Esperanza para los hondureños

Por: Héctor A. Martínez
(Sociólogo)

Expresiones de un político tradicional que no son ciertas: “El pueblo me eligió y por ello acepto la voluntad popular”, o ¿Qué tal esta?: “Trabajaré desinteresadamente por el bien de las masas”.

Pues bien: ninguna de las dos consignas posee respaldo en la realidad, porque, como bien criticaba Hayek, esta costumbre de hablar en nombre de el “pueblo”, las “masas” o la “clase social”, son meras ficciones ideológicas, producto de la elaboración de mentes con tendencia colectivista, que suponen que en los grupos sociales complejos existe un pensamiento uniforme y una tendencia homogénea de “voluntad popular”. Los marxistas representan el vivo ejemplo del pensamiento colectivista, pero también debemos incluir a toda la pléyade de gobernantes populistas de América Latina, que, tras agotar el discurso doctrinario de sus partidos, lo han reemplazado por un lenguaje reivindicativo y mesiánico que predica en nombre de las víctimas de ese “establishment” del que ellos mismos forman parte indisoluble, pero que juran desbaratar algún día.

La manipulación política e ideológica de estas frases tradicionales y gastadas, por cierto, no han hecho otra cosa que legitimar la firme creencia en esos conceptos superfluos que en el pasado han servido para imponer doctrinas y formas de gobierno tan nefastas como el comunismo y el mismo nacionalsocialismo, pero que continúan tan vivas como ayer.
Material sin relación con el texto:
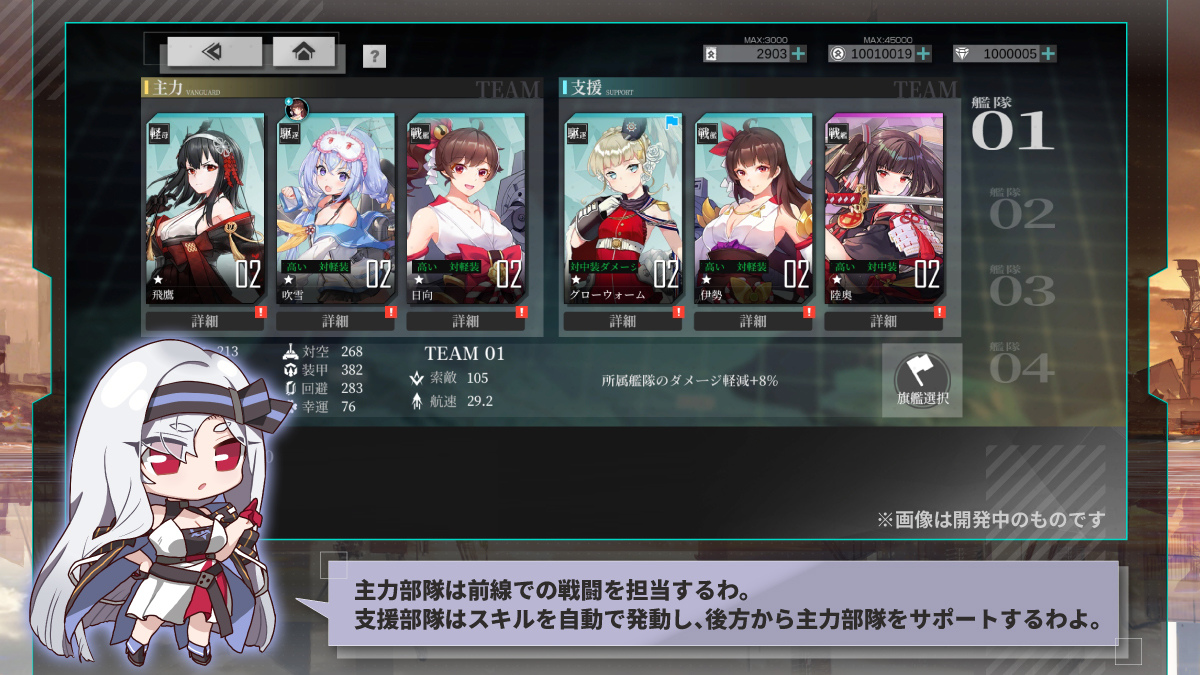 美少女艦娘彈幕射擊 RPG《Velvet Code 拂曉：勝利之刻》日本正式上線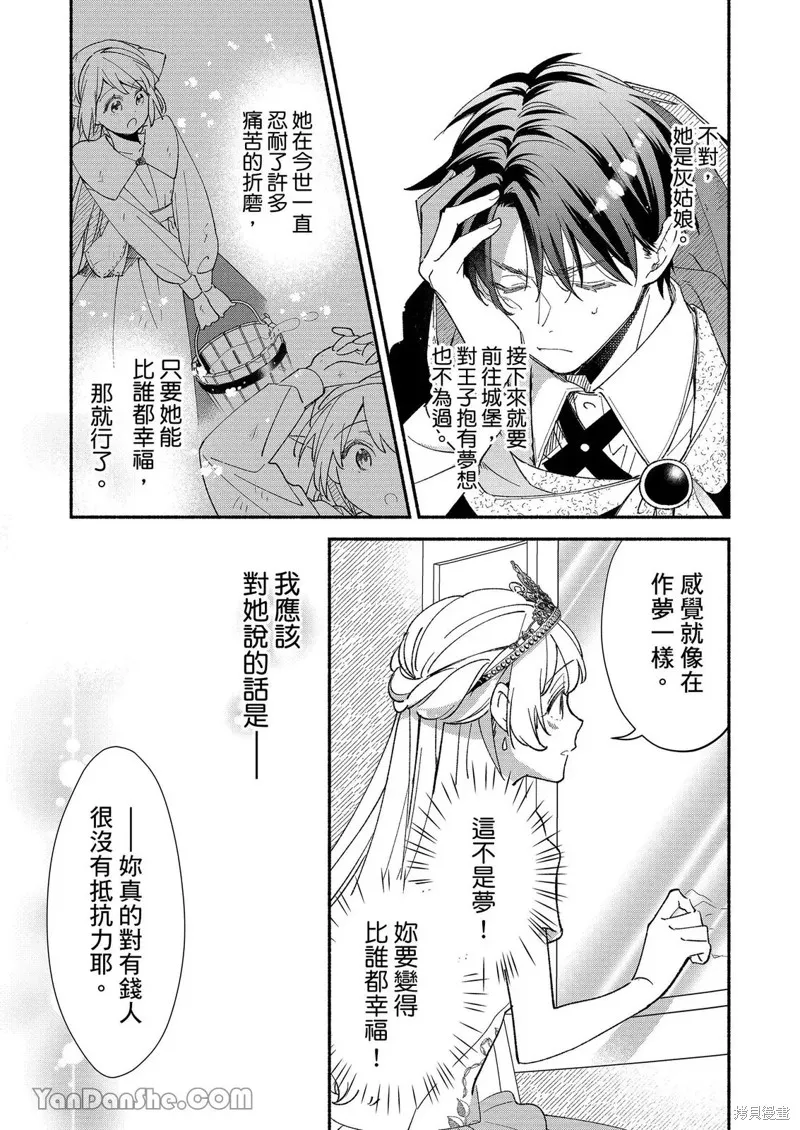 關於設定幫我變身的魔法師是前男友的這件事。,第03話,第14张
Pues bien: desde esas formas colectivistas, el Estado se legitima y se erige como el único cuerpo protector, al detentar el monopolio de servicios como la educación y la salud, así como el exclusivo derecho de decidir qué es lo mejor para la sociedad. Es el mismísimo pensamiento que predomina desde los días de Bismark en Alemania, pasando por el Plan Marshall o el Obamacare, como ejemplo moderno.
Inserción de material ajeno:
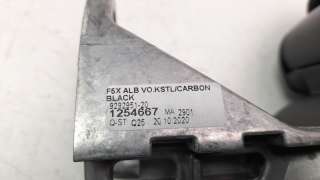 Recambio de apoyabrazos central para mini 5-trg. f55 2014- 12v referencia OEM IAM 51169311278  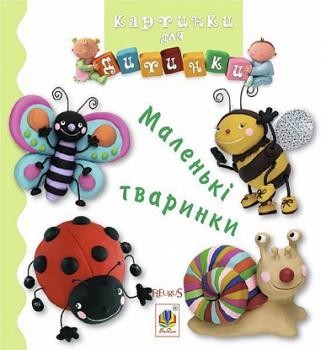 Маленькі тваринки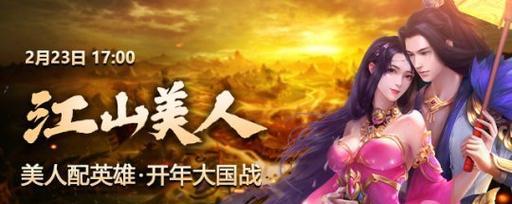 征途2中如何进行坐下操作？
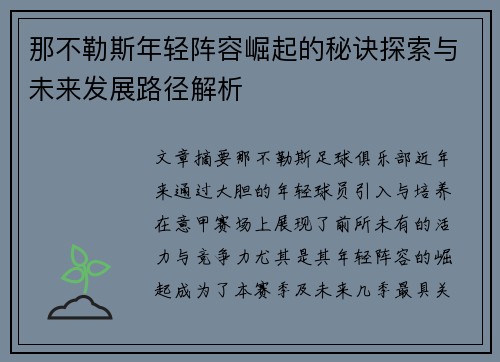 那不勒斯年轻阵容崛起的秘诀探索与未来发展路径解析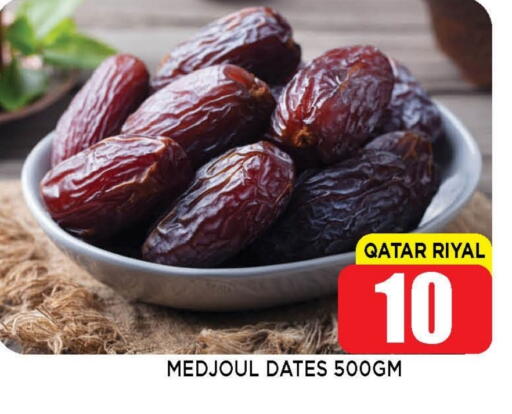available at Shop n Smile Hypermarket in Qatar - Al Khor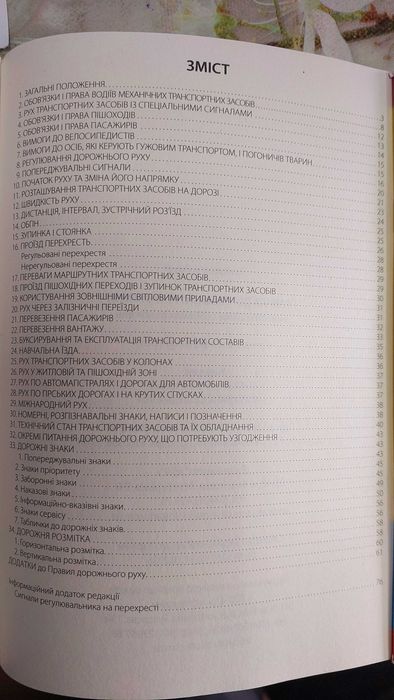 Правила дорожнього руху з ілюстраціями та коментарями  2025 рік Арій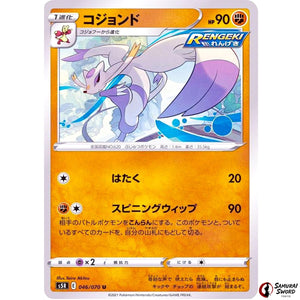Mienshao
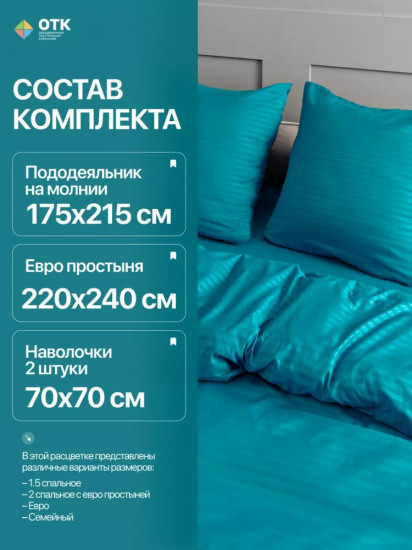 Комплект постельного белья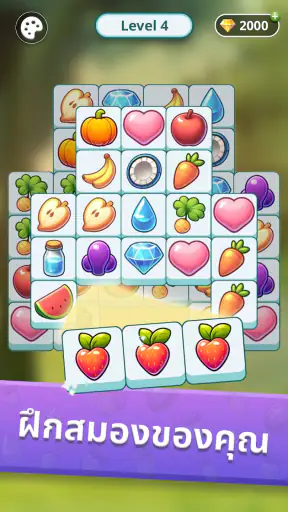 Tile Park: พัซเซิลแสนสบาย screenshot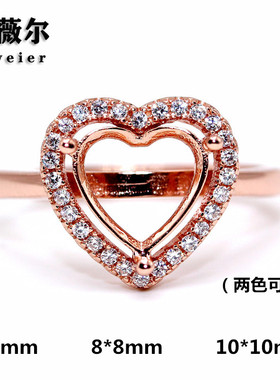 精工925银戒指空托心形戒托宝石镶嵌加工18k金6*6-8*8-10*10mm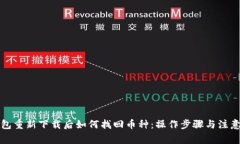 TP钱包重新下载后如何找回币种：操作步骤与注意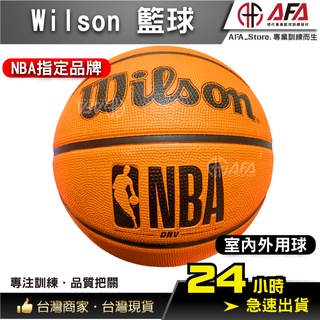 【AFA 專注訓練】Wilson籃球 DRV NBA籃球 七號球 NBA系列 耐磨 室外球 WTB9300XB07 男籃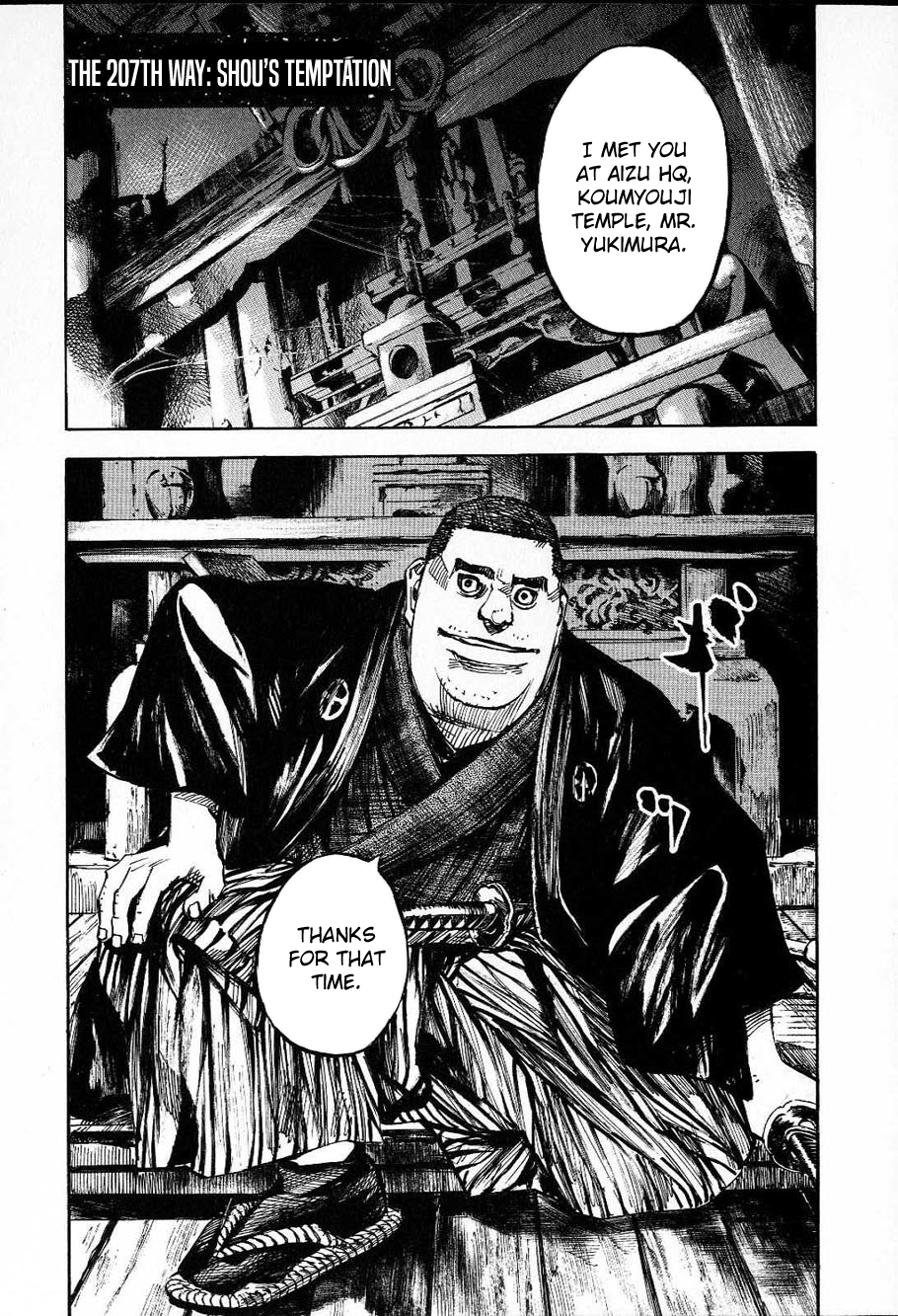 Sidooh - Manga Chapter 207 - page 1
Desde ahí podemos deducir que resulta más fácil hablar en nombre de un conjunto inanimado e irracional -como el pueblo-, que valorar las opiniones y preferencias individuales y diversas, lo cual guarda un peligroso componente que va moldeando y dando forma al Estado benefactor que tenemos hoy en día. Las mismas consignas colectivistas forman parte de los programas públicos redistributivos en donde se valora la “ayuda” social en forma de “inversión” que, como casi todos sabemos, en realidad se trata de una transferencia -en metálico- del presupuesto nacional con fines políticos, destinado hacia grupos privilegiados que forman parte de los “clientes” del partido en el poder. Esa “ayuda” es un cheque que llega de manera descendente hasta el cuarto o quinto nivel de beneficiarios. Más abajo del último nivel, resulta imposible regatear o ya no existe capacidad de negociación con los agentes de la ayuda o del privilegio.
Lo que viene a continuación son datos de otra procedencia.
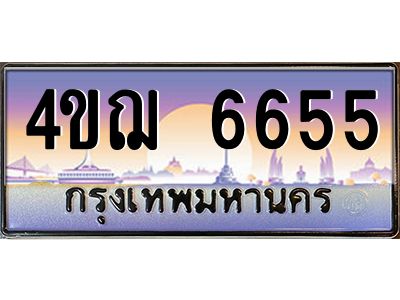 2.ทะเบียนรถ  6655 เลขประมูล ทะเบียนสวย 4ขฌ 6655 จากกรมขนส่ง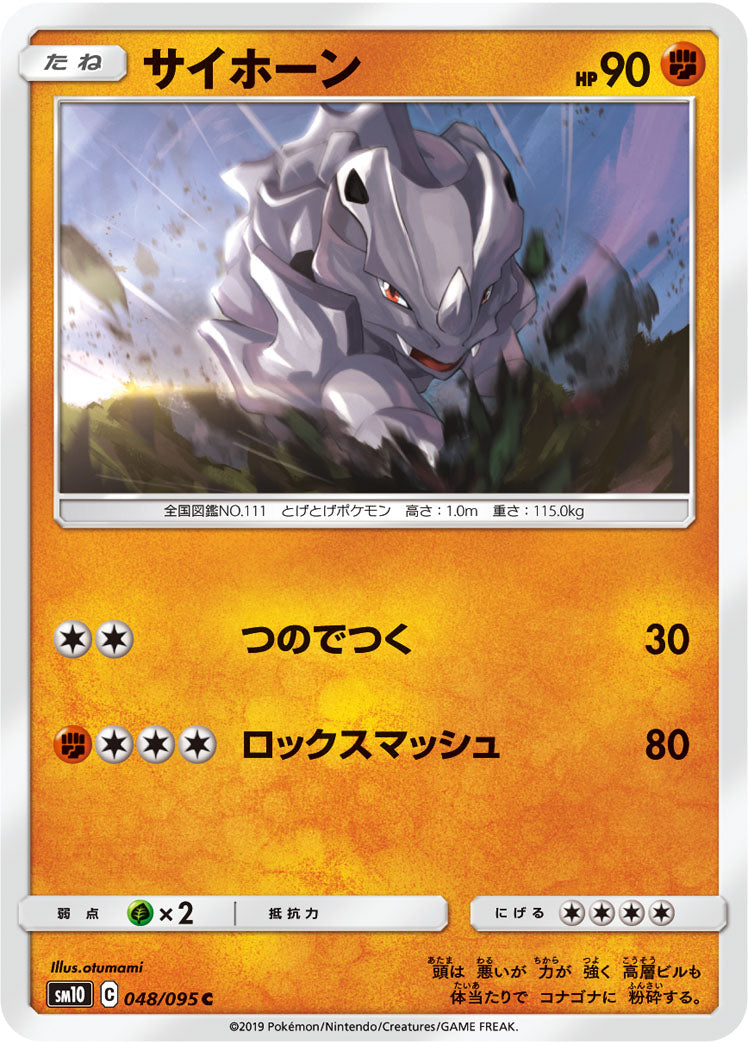 サイホーン [C_048/095_SM10]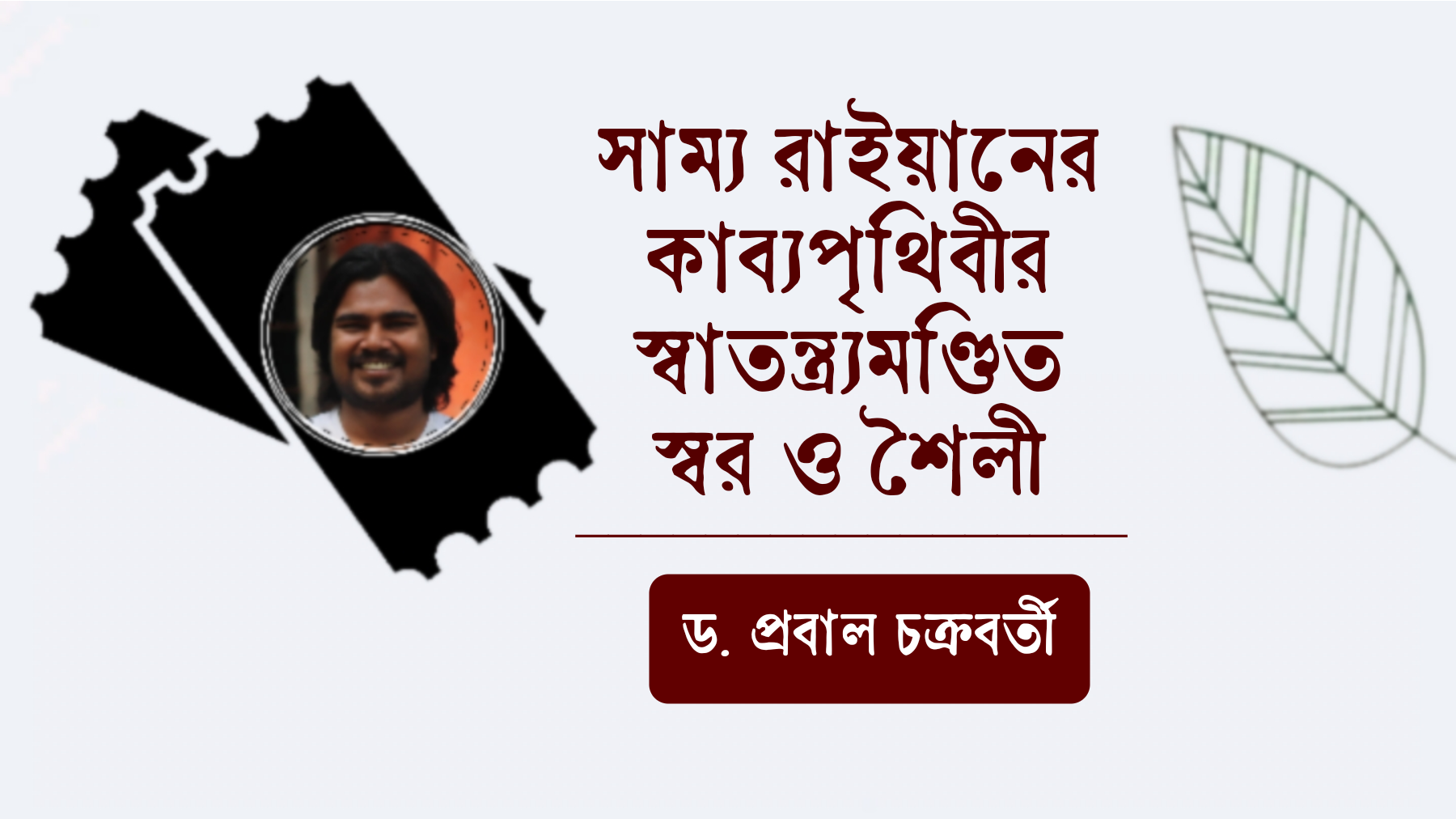 সাম্য রাইয়ানের কাব্যপৃথিবীর স্বাতন্ত্র্যমণ্ডিত স্বর ও শৈলী /  ড. প্রবাল চক্রবর্তী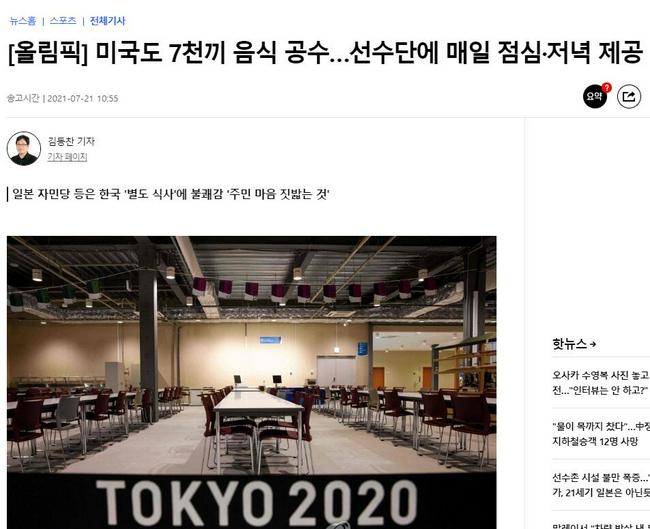 践踏日本人民心灵？美国也学韩国了 自设奥运餐厅(1)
La lista es bastante larga porque los receptores del “bienestar” social también regatean los montos a recibir, sobre todo porque los intermediarios presionan año con año debido al aumento desmedido de la “demanda” de los servicios y beneficios estatales. Los receptores pueden ser individuos que representan a una institución determinada y funcionan como brókeres del sistema, entre los que se cuentan alcaldes y diputados.

Todo ello va forjando una gran burocracia de la ayuda estatal o una “sobreextensión de las transferencias”, como decía el Nobel de Economía, James Buchanan, es decir, se erige un enorme aparato de la administración y gestión de dádivas, subsidios, bonos, préstamos, exenciones que, en un momento fueron necesarios por su importancia coyuntural, pero llegó un tiempo en que ya no era necesario mantener el coste de su implementación. Este juego -cruel- del mercado público, entre oferta y demanda de grupos que aumentan cada día, ha creado una cohorte de pedigüeños que han encontrado que el trabajo arduo desgasta el espíritu y socava la vida. ¿No es mejor una vida regalada?